StreetSight: Auditing Public Spaces for Missing Women and Urban Infrastructure Using Google Street View
Analyzing gender representation and infrastructure quality in Mumbai, Delhi, and Navi Mumbai using Google Street View imagery.
| City | Women (avg) | Men (avg) | Prop. Women | N Locations |
|---|---|---|---|---|
| Mumbai | 0.73 | 3.12 | 0.21 | 498 |
| Delhi | 0.38 | 1.58 | 0.21 | 500 |
| Navi Mumbai | 0.48 | 1.49 | 0.24 | 437 |
Women are significantly underrepresented in public spaces across all three cities, comprising only 21-24% of visible pedestrians.
| Road Type | Prop.
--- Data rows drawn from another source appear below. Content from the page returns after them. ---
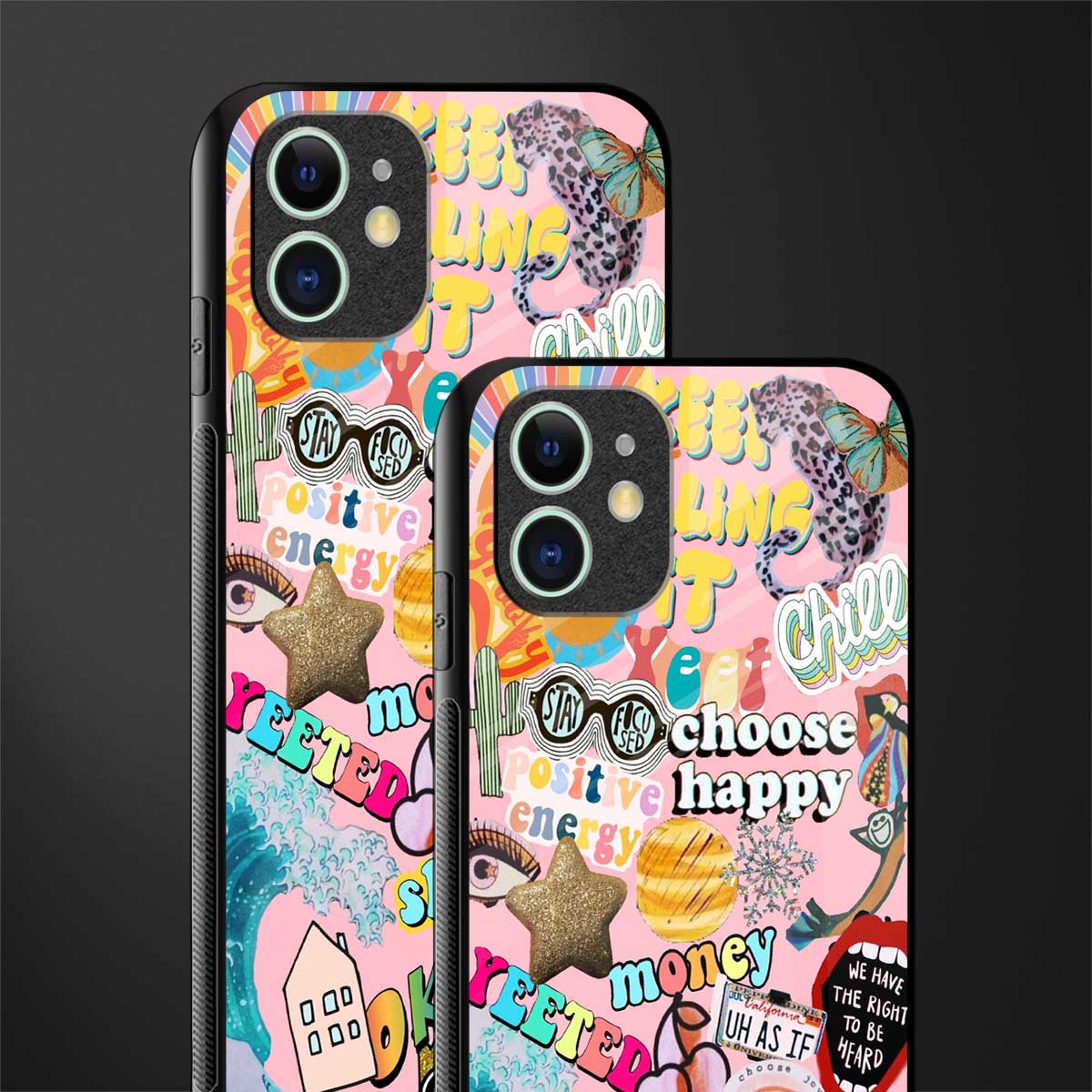 happy summer collage glass case for iphone 12 image-2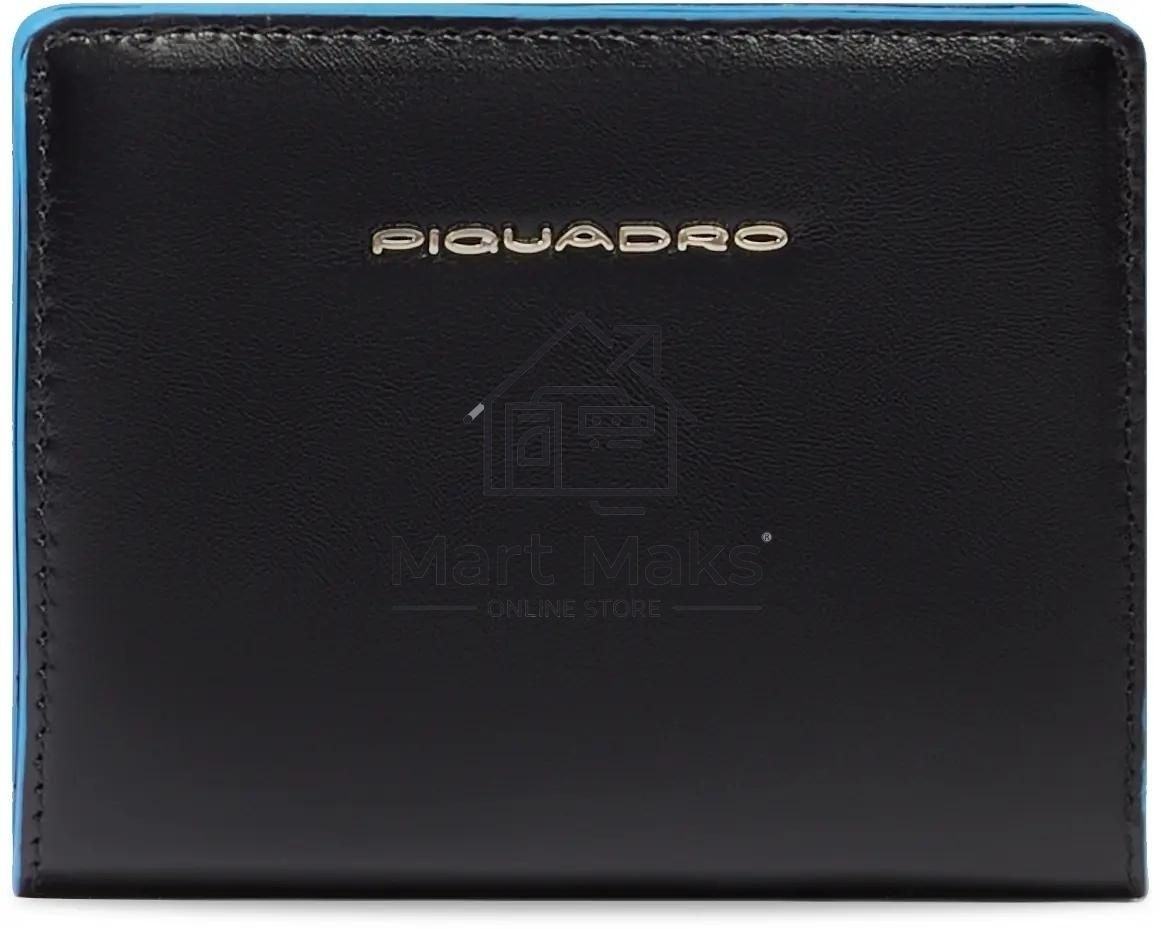 Кошелек женский Piquadro Blue Square PD6660B2R/N черный натур.кожа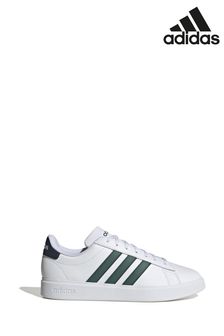 adidas White Grand Court 2.0 Trainers (D35417) | £70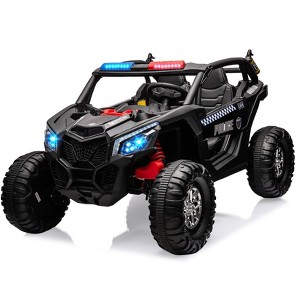 2-Seater 24V Ride-On UTV – Powerful 4WD Electric Car for Kids with Remote Control, Shock Absorbers, Leather Seats, Music & Lights - 1 of 4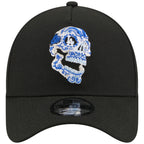 Los Angeles Dodgers Los Angeles Crown the City - Sugar Skull - Black/Black New Era 9FORTY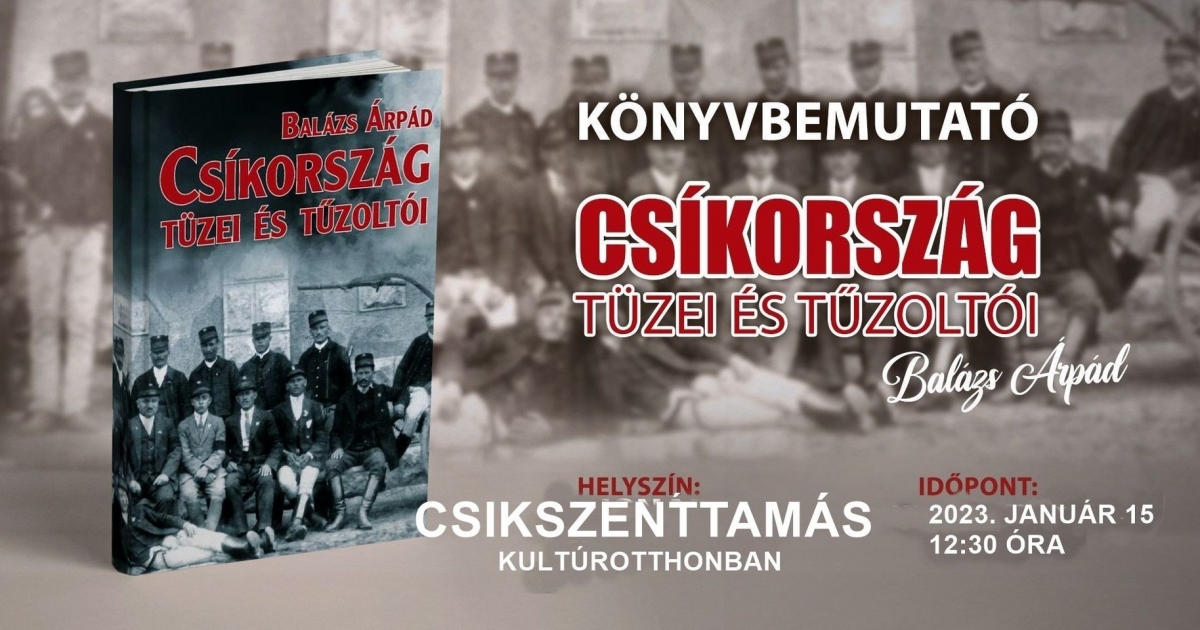 Könyvbemutató Csíkszenttamáson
Women | N Annotations |
|---|---|---|
| Primary | 0.11 | 79 |
| Secondary | 0.17 | 166 |
| Tertiary | 0.19 | 293 |
| Residential | 0.24 | 1,362 |
Proportion of women is lowest on primary/secondary roads and highest in residential areas.
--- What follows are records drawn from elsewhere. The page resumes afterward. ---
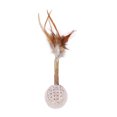 thumbnail image 1 of Feather Cat Wand Toy Silvervine Teeth Cleaning Cat Teaser Wand Cat Chew Ball, 1 of 10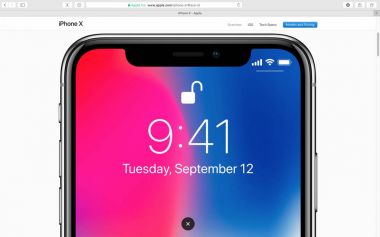 Apple iPhone X 10 vitrine Web sitesi 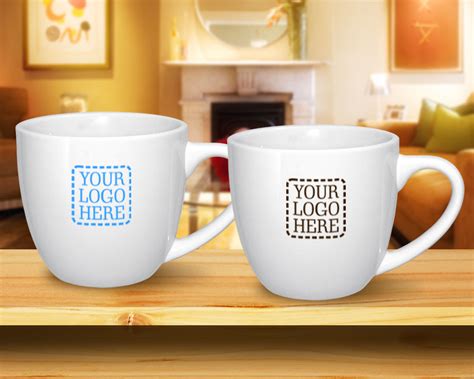 Custom Printed Cappuccino Cups, Promotional Cappuccino Mugs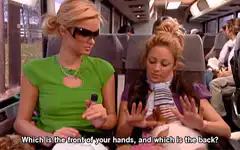 Lindsay Lohan and Paris Hilton on bus
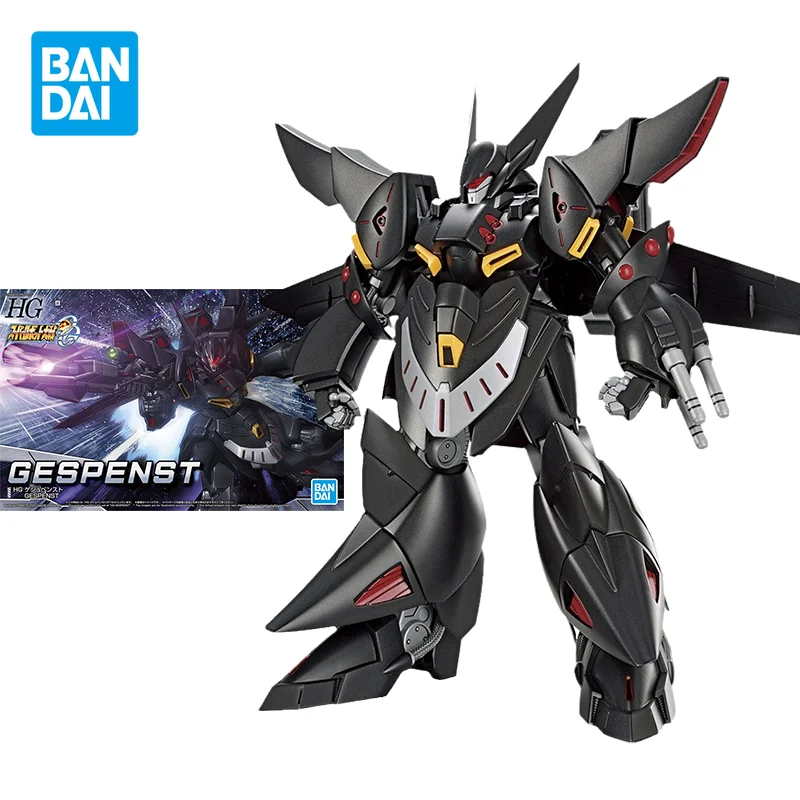 

Bandai Original Super Robot Taisen Model Kit Anime Figure HG GESPENST Action Figures Toys Collectible Ornaments Gifts for Kids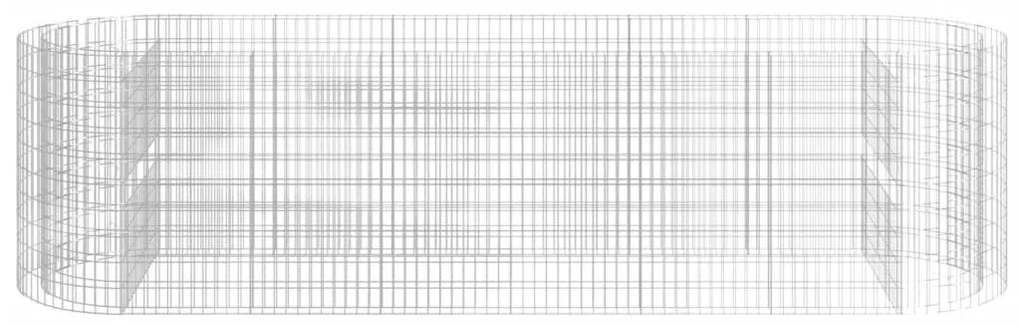 Canteiro elevado/cesto gabião 400x100x100 cm ferro galvanizado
| City | Potholes | Litter | Footpath | Lane Markings |
|---|---|---|---|---|
| Delhi | 1% | 27% | 19% | 17% |
| Mumbai | 1% | 21% | 50% | 29% |
| Navi Mumbai | 1% | 28% | 29% | 23% |
scripts/01_sample_locations.py Sample random road segments from OSM
↓
scripts/02_check_coverage.py Check Street View coverage (free API)
↓
scripts/03_download_images.py Download images (paid API, ~$7/1000 images)
↓
scripts/create_labelstudio_tasks.py Generate Label Studio import file
↓
Label Studio Human annotation of images
↓
notebooks/01_pipeline.ipynb Pipeline quality & bias assessment
↓
notebooks/02_annotations.ipynb Analysis and visualization
# Clone and install
git clone https://github.com/soodoku/missing_women_gsview
cd missing_women_gsview
uv sync
# Set up API key
cp .env.example .env
# Edit .env with your Google Street View API key# 1. Sample locations from OpenStreetMap
uv run python scripts/01_sample_locations.py
# 2. Check Street View coverage
uv run python scripts/02_check_coverage.py
# 3. Download images (requires API key, costs money)
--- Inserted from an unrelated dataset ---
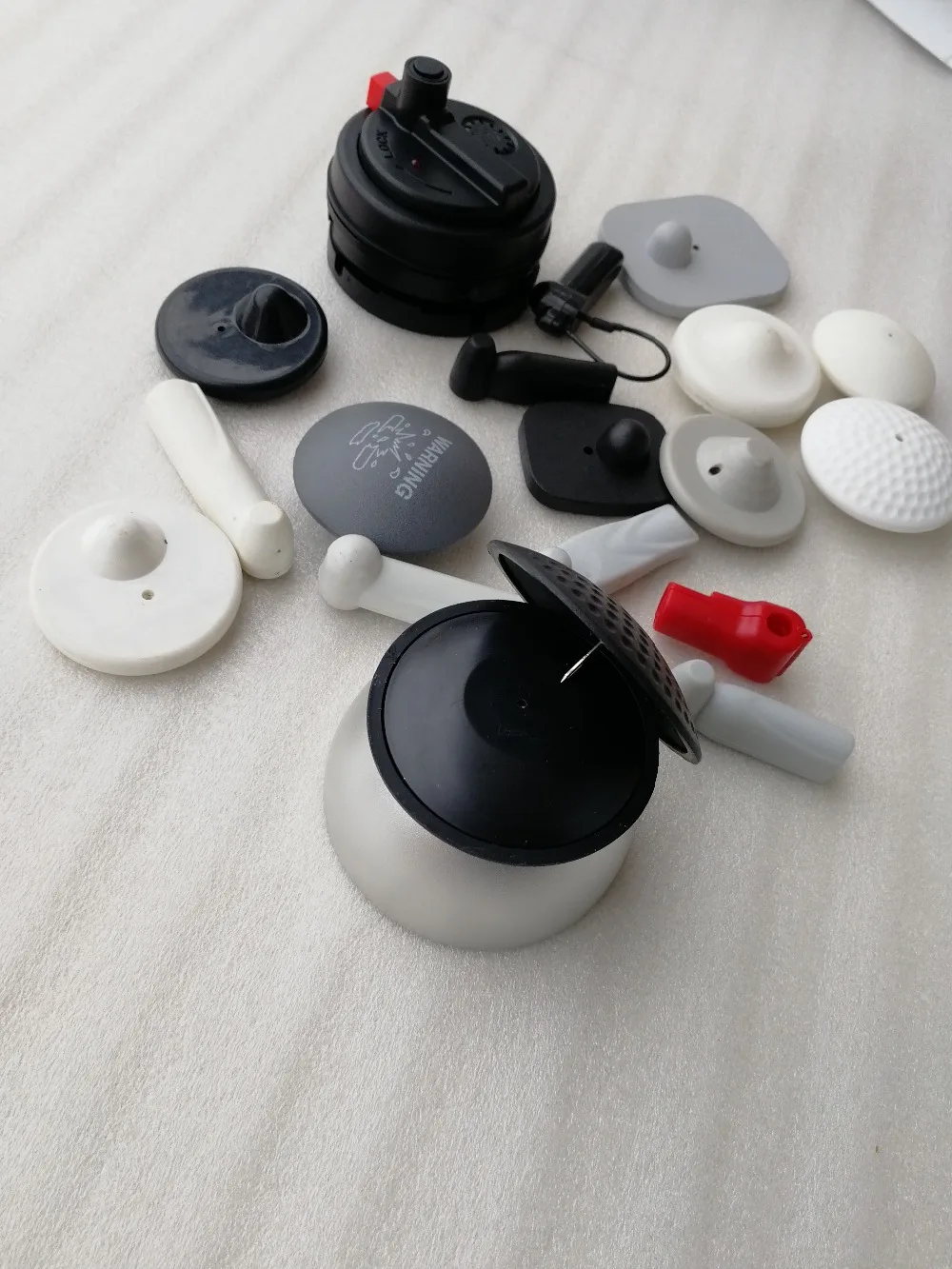 Original 15000GS EAS Magnetic Golf  Detacher Tag Remover Universal Magnet Eas Golf Detacher Security Lock Key With 1 Hook 1 Tag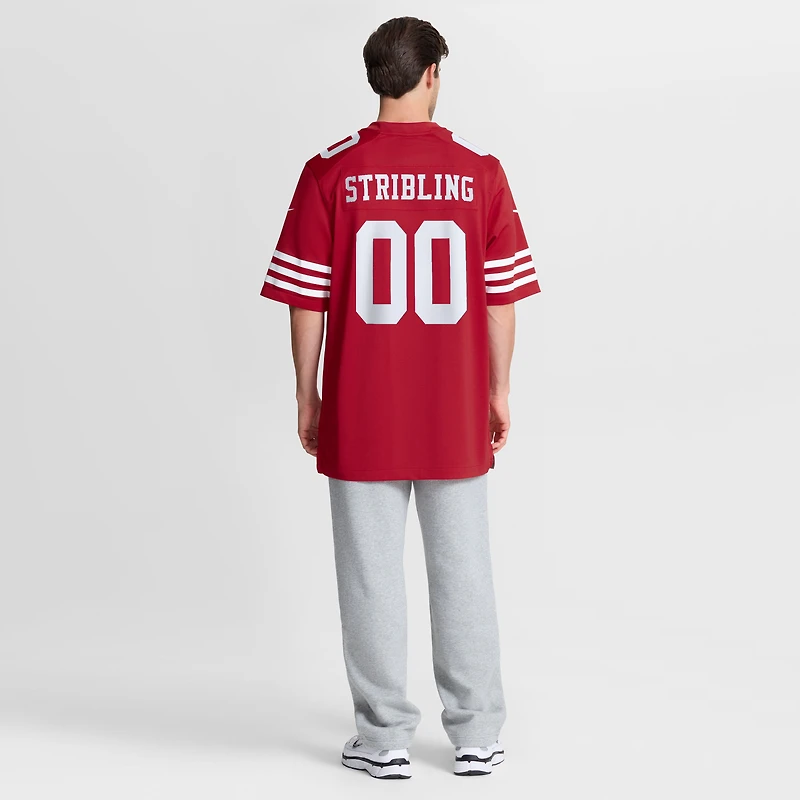 Men's Nike De'Zhaun Stribling Scarlet San Francisco 49ers Game Jersey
uv run python scripts/03_download_images.py
# 4. Create Label Studio tasks
uv run python scripts/create_labelstudio_tasks.py
# 5. Run analysis notebooks
uv run jupyter notebook notebooks/01_pipeline.ipynb
uv run jupyter notebook notebooks/02_annotations.ipynb- Sampled locations: 7,000 road segments (2,500 Mumbai, 2,500 Delhi, 2,000 Navi Mumbai)
- Annotated images: 1,942 tasks with human annotations
- Annotation fields: women_count, men_count, potholes, litter, footpath, lane_markings, land_use
data/
annotations/ Raw Label Studio exports
coverage/ Street View coverage results
images/ Downloaded Street View images
samples/ Sampled road locations
roads/ OSM road data
labelstudio_tasks.json
notebooks/
01_pipeline.ipynb Pipeline quality & bias assessment
02_annotations.ipynb Annotation analysis
outputs/ Generated outputs (CSVs, PNGs, HTMLs)
| File | Description |
|---|---|
notebooks/outputs/combined_annotations.csv |
Merged annotation dataset |
notebooks/outputs/city_summary.csv |
Summary statistics by city |
notebooks/outputs/annotated_locations_map.html |
Interactive map |
notebooks/outputs/sex_ratio_heatmap.html |
Prop. women heatmap |
MIT